Lagniappe (la ·gniappe) noun ‘lan-ˌyap,’ — 1. An extra or unexpected gift or benefit. 2. Something given or obtained as a gratuity or bonus.

Shot out of a hyper-creative canon, Kit Sebastian (Kit Martin and Merve Erdem) landed with a formidable debut in 2019’s Mantra Moderne. Its audience held tightly to the album’s global sprawl, advocating for more ears to agree and more music to arrive. The duo’s follow-up, Melodi, answers those calls and then some. Intercontinental instrumentation is back – traversing sounds from the Cold War-era Balkans to rural South America – replete with Erdem’s versatile, multilingual voice. Delightfully dancy, impressively intricate. Melodi’s momentum delivers a confident band for their first Lagniappe Session with Martin and Erdem reimagining Turkish pop sensation Sezen Aksu and (no-introduction-needed) avant Londoners, Stereloab. Here, Aksu’s “Sinanay” swings from the jump, while “French Disko” presents in a form the pair has quickly mastered: respecting, but not recreating, the past.

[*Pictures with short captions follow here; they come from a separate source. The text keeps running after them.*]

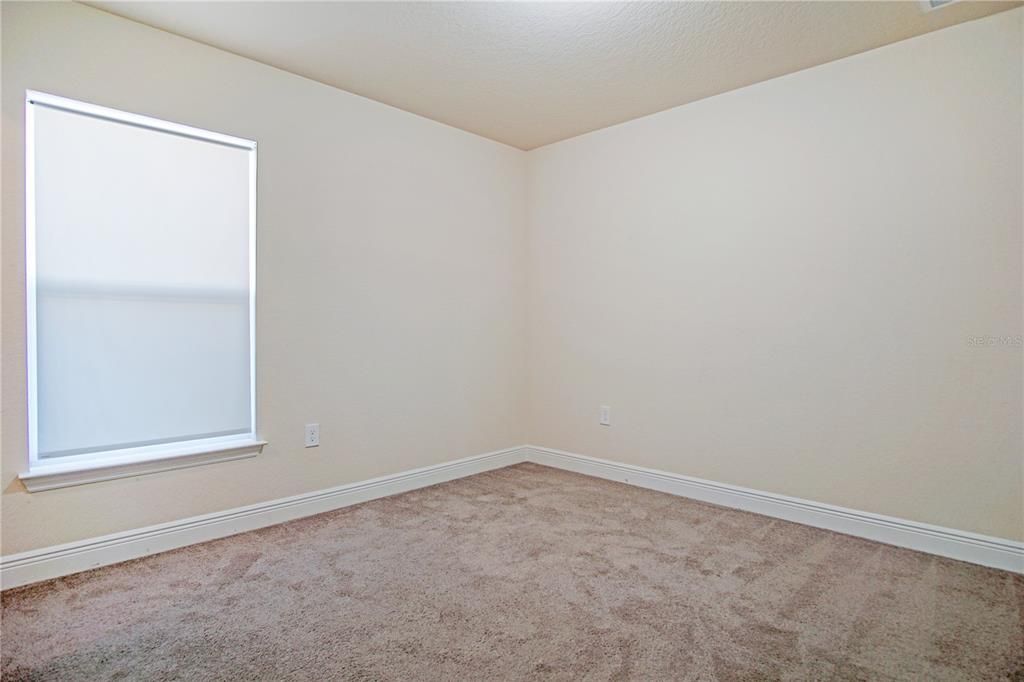 合同活跃: $2,150 (4 贝兹, 3 浴室, 2219 平方英尺)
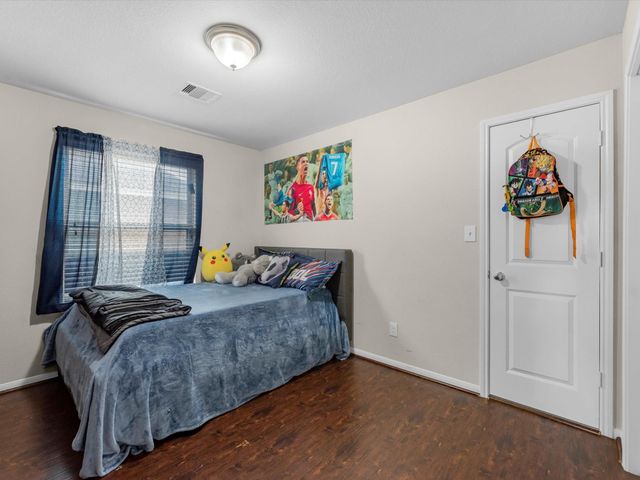 10518 Sun River Falls Drive, Humble, TX 77396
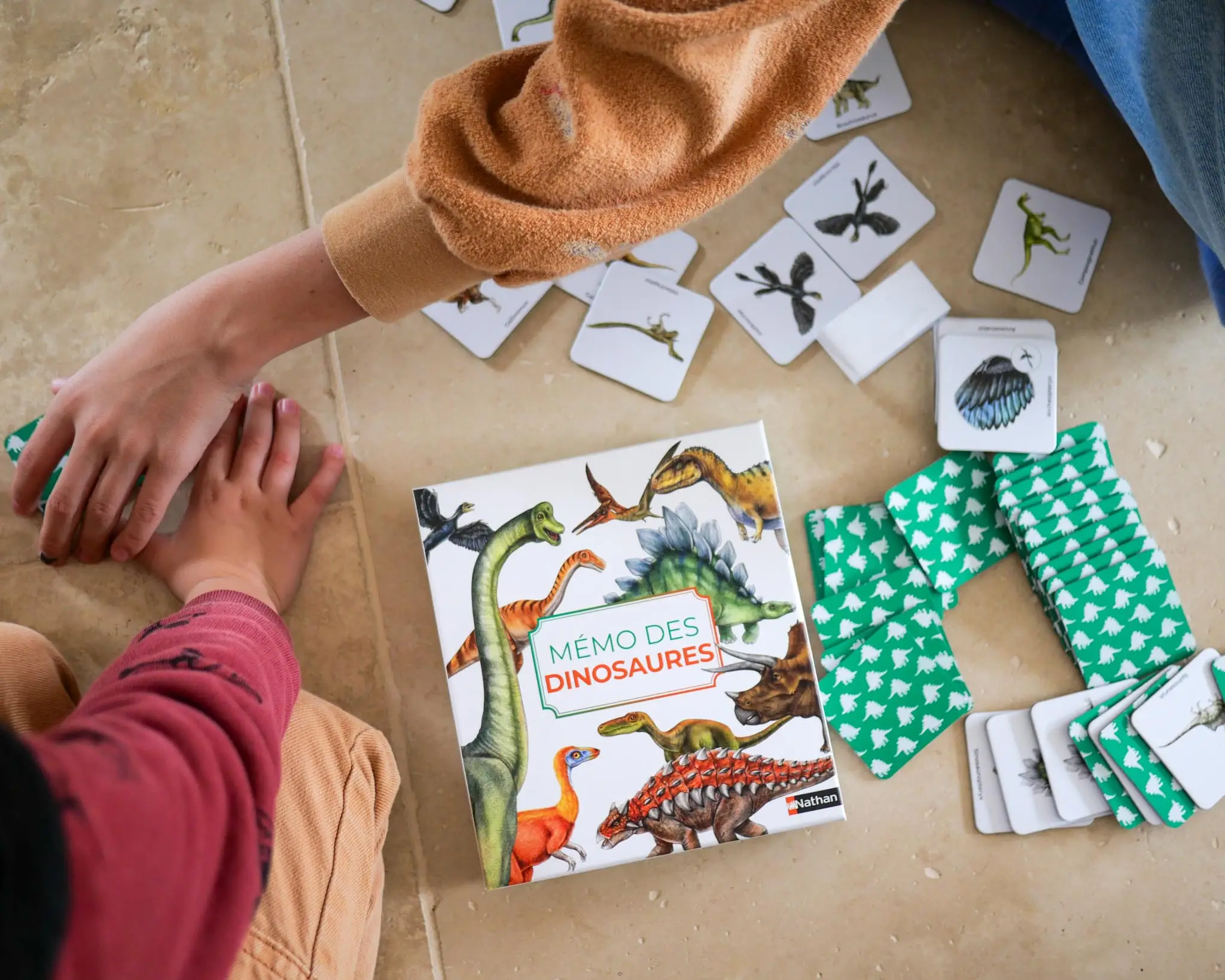 Mémo des dinosaures - Un jeu de memory pour apprendre en s'amusant en famille - Dès 4 ans - Coffret - 9782095013653 - page-intérieure 02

Kit Sebastian :: Şinanay (Sezen Aksu)

We’ve wanted to make a cover of Sezen Aksu for a while. She is one of our favourite Turkish singers / songwriters who inspires us with her effortless mix of different genres, playful lyrics and captivating vocals. The original of “Şinanay” is a beautiful example of late 80’s Turkish disco pop and the lyrics belong to an important Turkish poet, Melih Cevdet Anday, talking about the ferry that goes to Istanbul’s Princes’ Islands carrying and bringing together different segments and races of society. We liked the idea of transforming it into something more delicate and smooth, with a Brazilian inspired rhythm on guitar and jazz piano lines.

Kit Sebastian :: French Disko (Stereolab)

We love Stereolab and “French Disko” is a very interesting piece of music. The deadpan intensity is a hard-to-produce effect and Stereolab achieves it so well. Since we released our first album Mantra Moderne, our music has been often compared to Stereolab. Then we thought: how would a Stereolab sound if we revisited it? The result was dark guitar lines, oud, latin percussion, and J.S Bach inspired synths. La Resistance!